- **Brief descriptive captions**:
****

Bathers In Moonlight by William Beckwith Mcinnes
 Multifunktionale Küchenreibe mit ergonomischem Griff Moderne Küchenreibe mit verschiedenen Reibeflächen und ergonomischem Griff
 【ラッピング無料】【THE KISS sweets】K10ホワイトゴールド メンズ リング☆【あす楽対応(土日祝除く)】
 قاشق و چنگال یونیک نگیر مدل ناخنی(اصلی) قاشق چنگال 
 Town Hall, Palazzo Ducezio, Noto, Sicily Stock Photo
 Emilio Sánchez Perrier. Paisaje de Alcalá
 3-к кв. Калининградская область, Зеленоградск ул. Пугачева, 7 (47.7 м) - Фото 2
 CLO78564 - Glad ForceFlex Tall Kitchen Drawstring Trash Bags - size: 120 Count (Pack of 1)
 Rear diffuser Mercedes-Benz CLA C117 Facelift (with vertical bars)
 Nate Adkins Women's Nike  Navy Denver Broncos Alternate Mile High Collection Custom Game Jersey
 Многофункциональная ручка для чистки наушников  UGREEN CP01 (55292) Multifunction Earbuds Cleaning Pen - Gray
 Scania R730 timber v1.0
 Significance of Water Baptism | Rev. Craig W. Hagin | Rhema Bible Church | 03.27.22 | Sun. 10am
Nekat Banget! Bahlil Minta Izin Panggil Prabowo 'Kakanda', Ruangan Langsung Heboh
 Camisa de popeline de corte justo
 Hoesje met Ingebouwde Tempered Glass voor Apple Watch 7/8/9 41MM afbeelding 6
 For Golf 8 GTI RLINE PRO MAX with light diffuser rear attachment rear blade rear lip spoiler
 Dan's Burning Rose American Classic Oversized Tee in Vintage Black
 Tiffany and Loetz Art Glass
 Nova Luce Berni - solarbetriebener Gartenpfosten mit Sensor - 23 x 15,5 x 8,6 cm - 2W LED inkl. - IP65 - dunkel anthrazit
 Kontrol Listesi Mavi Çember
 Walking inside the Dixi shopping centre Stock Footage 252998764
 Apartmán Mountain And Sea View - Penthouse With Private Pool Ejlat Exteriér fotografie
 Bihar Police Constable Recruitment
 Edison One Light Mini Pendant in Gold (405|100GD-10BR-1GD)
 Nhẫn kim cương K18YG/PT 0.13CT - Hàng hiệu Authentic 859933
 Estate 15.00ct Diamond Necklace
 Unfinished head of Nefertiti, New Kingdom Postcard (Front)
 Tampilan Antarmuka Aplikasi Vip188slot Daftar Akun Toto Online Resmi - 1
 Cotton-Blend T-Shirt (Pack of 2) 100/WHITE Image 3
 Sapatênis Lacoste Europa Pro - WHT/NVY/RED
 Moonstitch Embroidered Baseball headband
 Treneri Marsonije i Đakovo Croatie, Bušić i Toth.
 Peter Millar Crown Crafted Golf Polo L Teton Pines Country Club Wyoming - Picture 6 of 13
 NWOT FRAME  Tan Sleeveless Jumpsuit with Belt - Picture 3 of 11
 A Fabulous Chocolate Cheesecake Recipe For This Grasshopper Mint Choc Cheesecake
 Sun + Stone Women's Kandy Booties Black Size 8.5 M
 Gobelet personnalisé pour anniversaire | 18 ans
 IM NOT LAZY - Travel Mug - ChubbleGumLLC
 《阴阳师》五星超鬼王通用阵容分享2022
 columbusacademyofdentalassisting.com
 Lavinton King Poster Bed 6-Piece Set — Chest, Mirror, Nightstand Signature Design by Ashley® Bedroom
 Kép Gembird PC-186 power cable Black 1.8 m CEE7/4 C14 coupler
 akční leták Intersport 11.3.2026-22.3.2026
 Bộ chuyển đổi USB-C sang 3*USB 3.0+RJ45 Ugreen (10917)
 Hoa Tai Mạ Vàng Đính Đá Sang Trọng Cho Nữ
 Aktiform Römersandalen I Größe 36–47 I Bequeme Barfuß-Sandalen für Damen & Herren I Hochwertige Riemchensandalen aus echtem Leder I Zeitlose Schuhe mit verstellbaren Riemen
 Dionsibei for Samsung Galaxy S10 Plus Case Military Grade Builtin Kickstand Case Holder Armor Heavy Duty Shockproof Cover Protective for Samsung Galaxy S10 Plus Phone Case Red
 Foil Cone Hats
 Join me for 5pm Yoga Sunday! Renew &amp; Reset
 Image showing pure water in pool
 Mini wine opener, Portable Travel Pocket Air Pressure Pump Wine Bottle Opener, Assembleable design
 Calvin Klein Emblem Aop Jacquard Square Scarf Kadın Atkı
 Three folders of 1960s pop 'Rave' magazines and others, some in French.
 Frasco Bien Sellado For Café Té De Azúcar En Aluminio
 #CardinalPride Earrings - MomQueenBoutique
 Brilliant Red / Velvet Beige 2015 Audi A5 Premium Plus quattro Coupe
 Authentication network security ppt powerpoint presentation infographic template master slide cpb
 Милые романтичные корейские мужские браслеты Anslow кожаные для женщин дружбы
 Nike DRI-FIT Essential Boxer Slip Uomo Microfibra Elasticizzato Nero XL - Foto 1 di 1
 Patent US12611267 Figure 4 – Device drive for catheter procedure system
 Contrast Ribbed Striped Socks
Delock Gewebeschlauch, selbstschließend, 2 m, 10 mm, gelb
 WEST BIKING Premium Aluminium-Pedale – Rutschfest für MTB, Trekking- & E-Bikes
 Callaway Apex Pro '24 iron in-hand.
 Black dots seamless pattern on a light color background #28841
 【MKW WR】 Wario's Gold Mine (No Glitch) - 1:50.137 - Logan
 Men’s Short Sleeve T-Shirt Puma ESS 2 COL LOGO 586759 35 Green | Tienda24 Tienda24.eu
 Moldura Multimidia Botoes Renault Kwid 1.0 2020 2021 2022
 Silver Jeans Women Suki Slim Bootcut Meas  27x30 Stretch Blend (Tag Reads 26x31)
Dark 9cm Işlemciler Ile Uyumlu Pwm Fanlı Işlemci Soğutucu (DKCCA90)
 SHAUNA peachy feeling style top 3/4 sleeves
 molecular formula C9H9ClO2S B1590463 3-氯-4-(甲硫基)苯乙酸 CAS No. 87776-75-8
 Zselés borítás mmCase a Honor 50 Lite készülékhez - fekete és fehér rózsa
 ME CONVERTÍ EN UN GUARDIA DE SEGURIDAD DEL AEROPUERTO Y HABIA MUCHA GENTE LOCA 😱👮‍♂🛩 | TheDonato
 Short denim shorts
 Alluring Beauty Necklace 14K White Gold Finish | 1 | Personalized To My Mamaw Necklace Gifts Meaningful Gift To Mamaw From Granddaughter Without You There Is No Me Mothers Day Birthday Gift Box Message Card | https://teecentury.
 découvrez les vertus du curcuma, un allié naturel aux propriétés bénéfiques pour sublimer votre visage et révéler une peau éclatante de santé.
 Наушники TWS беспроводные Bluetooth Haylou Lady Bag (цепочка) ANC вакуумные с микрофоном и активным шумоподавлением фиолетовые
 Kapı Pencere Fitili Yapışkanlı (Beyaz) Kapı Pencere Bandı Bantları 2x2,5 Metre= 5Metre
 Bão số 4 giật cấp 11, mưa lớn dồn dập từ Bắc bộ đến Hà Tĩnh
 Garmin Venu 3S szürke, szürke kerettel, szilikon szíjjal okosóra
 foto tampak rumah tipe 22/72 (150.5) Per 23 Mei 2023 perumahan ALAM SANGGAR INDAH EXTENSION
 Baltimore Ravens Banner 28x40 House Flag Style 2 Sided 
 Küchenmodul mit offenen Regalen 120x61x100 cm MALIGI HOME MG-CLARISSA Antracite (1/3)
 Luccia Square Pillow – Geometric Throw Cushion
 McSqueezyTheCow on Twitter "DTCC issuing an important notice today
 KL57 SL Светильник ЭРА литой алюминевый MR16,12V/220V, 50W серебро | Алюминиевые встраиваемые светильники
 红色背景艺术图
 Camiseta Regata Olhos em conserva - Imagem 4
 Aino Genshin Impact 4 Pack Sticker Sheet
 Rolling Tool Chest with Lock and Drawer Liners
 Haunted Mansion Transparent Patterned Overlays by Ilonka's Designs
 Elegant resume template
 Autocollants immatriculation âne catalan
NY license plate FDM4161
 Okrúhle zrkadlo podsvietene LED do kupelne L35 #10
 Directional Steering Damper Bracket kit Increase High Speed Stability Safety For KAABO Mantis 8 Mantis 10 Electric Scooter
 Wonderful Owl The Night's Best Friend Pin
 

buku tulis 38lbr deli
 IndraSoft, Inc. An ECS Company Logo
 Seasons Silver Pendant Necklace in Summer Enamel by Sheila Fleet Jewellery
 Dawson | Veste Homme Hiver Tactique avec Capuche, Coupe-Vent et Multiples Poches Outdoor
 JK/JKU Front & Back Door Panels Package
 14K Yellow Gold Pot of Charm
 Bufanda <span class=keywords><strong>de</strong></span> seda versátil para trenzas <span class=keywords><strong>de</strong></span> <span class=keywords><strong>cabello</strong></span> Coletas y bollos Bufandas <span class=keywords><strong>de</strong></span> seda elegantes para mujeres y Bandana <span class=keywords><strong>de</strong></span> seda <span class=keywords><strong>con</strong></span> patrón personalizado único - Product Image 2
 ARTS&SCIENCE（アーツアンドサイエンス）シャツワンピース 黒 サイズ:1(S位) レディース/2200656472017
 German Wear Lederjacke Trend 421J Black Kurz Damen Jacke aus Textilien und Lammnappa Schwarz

****

- **Problem statement**:
Above are the records; copy exactly the lines from the line with "Authentication network security" through the line with "ME CONVERTÍ EN", both included.

- **Written response**:
 Authentication network security ppt powerpoint presentation infographic template master slide cpb
 Милые романтичные корейские мужские браслеты Anslow кожаные для женщин дружбы
 Nike DRI-FIT Essential Boxer Slip Uomo Microfibra Elasticizzato Nero XL - Foto 1 di 1
 Patent US12611267 Figure 4 – Device drive for catheter procedure system
 Contrast Ribbed Striped Socks
Delock Gewebeschlauch, selbstschließend, 2 m, 10 mm, gelb
 WEST BIKING Premium Aluminium-Pedale – Rutschfest für MTB, Trekking- & E-Bikes
 Callaway Apex Pro '24 iron in-hand.
 Black dots seamless pattern on a light color background #28841
 【MKW WR】 Wario's Gold Mine (No Glitch) - 1:50.137 - Logan
 Men’s Short Sleeve T-Shirt Puma ESS 2 COL LOGO 586759 35 Green | Tienda24 Tienda24.eu
 Moldura Multimidia Botoes Renault Kwid 1.0 2020 2021 2022
 Silver Jeans Women Suki Slim Bootcut Meas  27x30 Stretch Blend (Tag Reads 26x31)
Dark 9cm Işlemciler Ile Uyumlu Pwm Fanlı Işlemci Soğutucu (DKCCA90)
 SHAUNA peachy feeling style top 3/4 sleeves
 molecular formula C9H9ClO2S B1590463 3-氯-4-(甲硫基)苯乙酸 CAS No. 87776-75-8
 Zselés borítás mmCase a Honor 50 Lite készülékhez - fekete és fehér rózsa
 ME CONVERTÍ EN UN GUARDIA DE SEGURIDAD DEL AEROPUERTO Y HABIA MUCHA GENTE LOCA 😱👮‍♂🛩 | TheDonato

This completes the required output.